Une journée d’adoption, histoire à deux voix
Histoire à deux voix : Maman et fiston (11 ans) écrivent sur un même sujet. Le texte de fiston est en italique. Mention spéciale à petit frère (8 ans) pour sa contribution.
En janvier 2018, j’ai commencé à offrir une marche hebdomadaire aux chiens du refuge San Francesco (près de Naples, en Italie) avec mon mari et nos enfants. Pour plusieurs raisons, nous ne pouvions pas avoir de chien en Italie et, bien honnêtement, je me questionnais à ce moment‑là sur ma capacité à être une bonne maîtresse, alors c’était mieux comme ça.

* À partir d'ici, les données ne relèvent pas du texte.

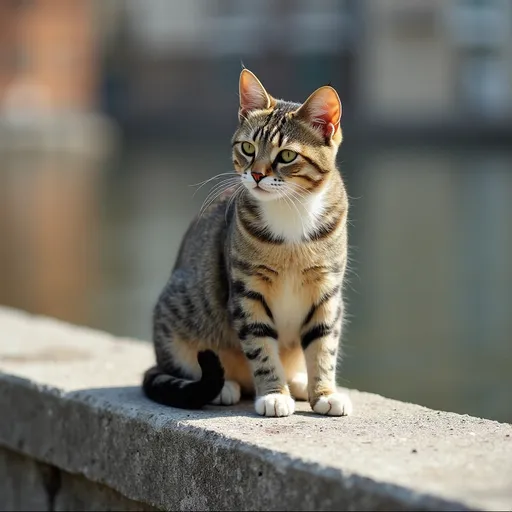 Prompt: Cat sitting on a wall 
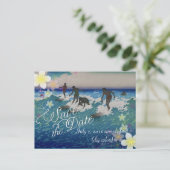 PixDezines/save date/hula dream/ surfers Aankondigingskaart (Staand voorkant)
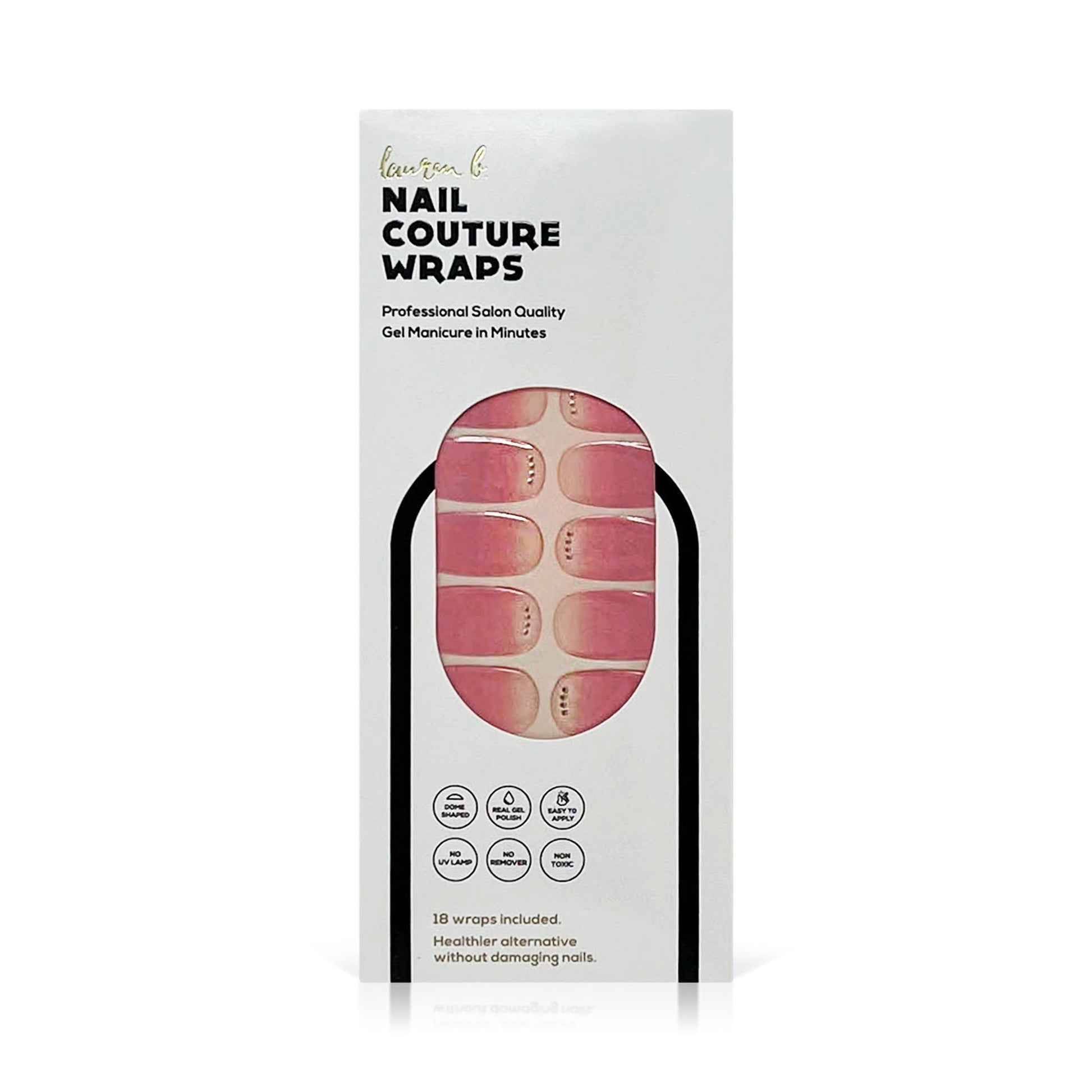 Pink gradient gel nail wrap set with rounded tips, shown on product box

Parmi les 300 chiens du refuge se trouvait Rufus. Rufus, c’est un chien facile. C’est le chien qui m’a réconciliée avec ma crainte de ne pas avoir le tour. Il n’a pas besoin que je sois parfaite, juste que je lui offre mon cœur et des soins. Alors, j’ai aussi voulu lui offrir une maison. Avant de quitter pour le Canada, nous avons fait toutes les démarches nécessaires pour pouvoir le ramener avec nous. Et c’est mon fils qui a trouvé les mots les plus justes pour raconter cette journée riche en émotions.
Avant de partir, j’ai fait une pancarte pour remercier le refuge. Je voulais leur montrer à quel point c’était important pour moi. Je ne parle pas italien et j’avais peur de dire n’importe quoi. Alors j’ai écrit : Grazie per avere salvato la vita di Rufus. Ci prenderemo cura di lui con molto amore. (Traduction : Merci d’avoir sauvé la vie de Rufus. Nous prendrons soin de lui avec beaucoup d’amour.) J’ai dessiné un cœur aux couleurs de l’Italie (vert, blanc et rouge) avec un Rufus à l’intérieur.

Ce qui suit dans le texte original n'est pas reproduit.